Coke's Commentary on the Holy Bible
Leviticus 14:34
When ye be come into the land of Canaan, &c.— After having spoken of the leprosy of persons and of garments, the sacred writer proceeds to that of houses, concerning which we have already said something in the first note on the last chapter, especially with respect to the opinion derived from the words, I put the plague into a house, &c. that this was a punishment inflicted by the hand of God. "Though it is more difficult to account for the infection of houses," says Dr. Mead, "yet, upon a serious consideration of the different substances employed in building the walls of houses, such as stones, lime, bituminous earth, hair of animals, and other such things mixed together, it appears probable to me, that they may, by a kind of fermentation, produce those hollow, greenish or reddish strakes, in sight lower than the wall, or within the surface, (Leviticus 14:37.) which, as they in some measure resembled the leprosy on the human body, were named the leprosy in an house; for bodies of different natures very easily effervesce upon being blended together: wherefore we may reasonably suppose that this moisture or mouldiness, gradually coming forth and spreading on the walls, might prove very prejudicial to the inhabitants by its unwholesome smell, even without having recourse to any contagious quality in it. Something analogous to this is frequently observable in our own houses; where, when the walls are plaistered with bad mortar, the calcarious and nitrous salts sweat out upon their surface, of a colour almost as white as snow." Calmet solves this extraordinary phaenomenon upon the same principles with those mentioned before; observing, that "a particular sort of vermin was bred in the mortar and stones of the infected houses. This was one of the tokens of a house being infected. There were some others besides, which were a kind of rust or scurf, that spread itself along the walls.

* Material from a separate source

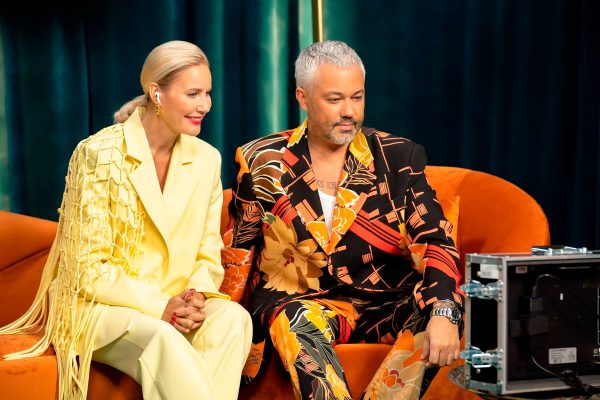 6 Летучая и Рогов вернулись на СТС с новым шоу Стилист займется внешним преображением героинь, а бывшая ведущая «Ревизорро» — их квартирами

In all these cases, the priests were directed to shut the house up for a week: and it is probable, they made some kind of fumigation during that time, though no mention is made of it; else we cannot see how the bare shutting it up could contribute to the cure. If, upon the opening it again, they found the marks gone, they pronounced it clean; if not, they caused them to be scraped off every where, and the house to be shut up another seven days: but if that did not work the cure, they ordered it to be demolished, and such materials of it only to be preserved as were free from the infection, in order to build it up in some other place." See Calmet's Dissert. and the Univ. Hist. vol. 3: The Jewish writers, however, judge very differently of this matter, and consider this plague as a supernatural punishment for calumny and detraction in particular; an opinion, which seems to have arisen from the case of Miriam: and they tell us, that it first infected the walls of the house, and, the offender repenting, went no further; but, if he persisted, it proceeded to his household stuff; and, if he still went on, invaded his garments, and at last his body. This opinion may, perhaps, gain some confirmation from the remarks of a physician in the southern parts of France, that the leprosy, though hereditary, never goes beyond the third, or, at the most, the fourth generation; an observation, says Michaelis, which I use to explain the 5th verse of the 20th chapter of Exodus.